Currently, when a ship with an oversized berth enters the Norfolk Harbor, there is a temporary halt of waterway traffic in the channel to all other commercial ships, causing jams and delays with shipments. According to a report from Transport Topics, Virginia Port Authority CEO John Reinhart explained that, “Widening the channel allows for two-way traffic, increases the pace of commerce and makes way for the expeditious movement of Navy vessels in a time of need.”
The Port of Virginia project has both national and international implications, as it is one of the biggest hubs on the Atlantic Seaboard. “The long-term economic benefits of this project include job creation, economic investment and the efficient flow of goods to Virginians, to multiple markets in the Mid-Atlantic and into the nation’s Heartland,” said Reinhart.

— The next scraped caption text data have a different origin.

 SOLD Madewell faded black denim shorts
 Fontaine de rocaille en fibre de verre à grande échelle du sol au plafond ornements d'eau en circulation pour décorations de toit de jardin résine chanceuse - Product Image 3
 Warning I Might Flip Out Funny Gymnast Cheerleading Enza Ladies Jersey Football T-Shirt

In his 2018 proposed budget, former Virginia Governor Terry McAuliffe allotted $20 million towards the project that will now be bolstered by Trump’s infrastructure package.

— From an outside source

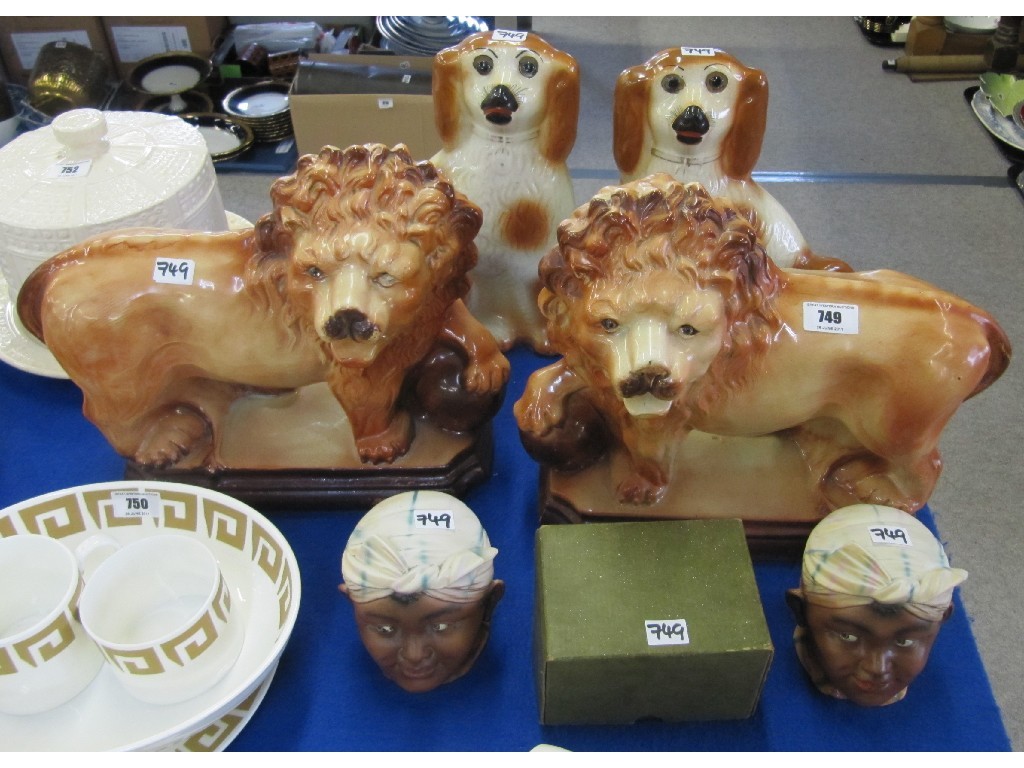 Appraisal: Pair of Bo'ness pottery lions wally dugs two novelty tobacco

In response to Northam’s charge to the port construction, President Trump replied, “Just put it on the list. Put it high on the list.”
Northam also explained to President Trump that rural broadband is a priority issue in Virginia. The initial ask from Congress by the Trump Administration is for $200 billion. Around $20 billion of that is allotted to be utilized to expand digital networks in rural areas like Southside and Southwest Virginia.

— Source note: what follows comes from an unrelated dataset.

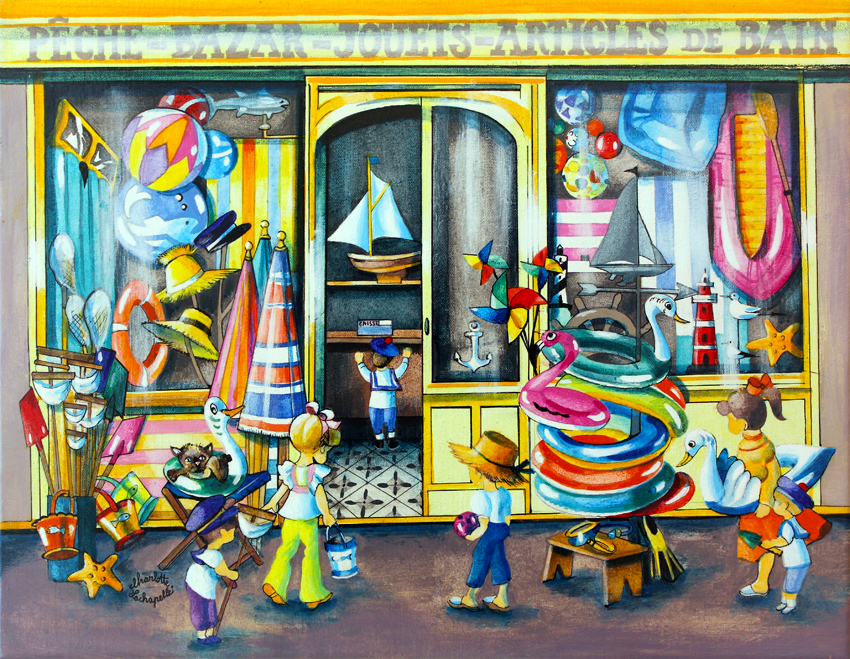 "Beach Toy Shop" by Charlotte Lachapelle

On Monday, the National Telecommunication Cooperative Association (NTCA) issued a press release on the President’s plan to expand digital infrastructure in rural areas. “We greatly appreciate President Trump’s focus on rural America in the infrastructure agenda announced today. Calling for a substantial portion of infrastructure funds to be dedicated to rural projects, including rural broadband, and easing permitting processes that hinder the timely deployment of broadband networks are both essential parts of a comprehensive strategy to address the challenges faced by those seeking to deploy and operate wireline and wireless telecom infrastructure alike in rural America. NTCA is eager to work with the administration and Congress to develop further how such funding can be made available and most effectively utilized,” the release stated.
In a report from Fox News, President Trump remarked to Republican lawmakers at a West Virginia retreat two weeks ago that the projects regarding the infrastructure program need to be authorized swiftly and construction started quickly. He emphasized efforts to, “streamline the horrible approval process — roadways that take 12, 13, 14 years to get approved.” Furthermore, Trump talked about past infrastructure projects in the U.S. “We used to build them in three months, and now it takes years and years of approvals. We’re going to bring that down, ideally, to one year. Two years is our goal, but one year is our real goal,” he explained.
Many state and local officials, even Democrats, are supporters of “public-private partnerships,” known as P3s, and they will be utilized to complete the infrastructure program. However, P3s are not approved in all states. Last year, Governor McAuliffe spoke at the Milken Conference, praising the advantages of P3s used in Virginia. Though, according to the report, he also addressed the urgent need to overhaul the woeful permitting process for clearing infrastructure projects.
The $200 billion in federal infrastructure spending will be allotted over 10 years. The funds will mostly come in the form of competitive grants designed to encourage outlays by local authorities on transportation systems, highways, and waterways. The Trump Administration plans to use the federal funds as “seed” money, according to The Hill. The hope is that the spending will result in at least $1.5 trillion in spending by state and local governments, as well as being sourced from the private sector.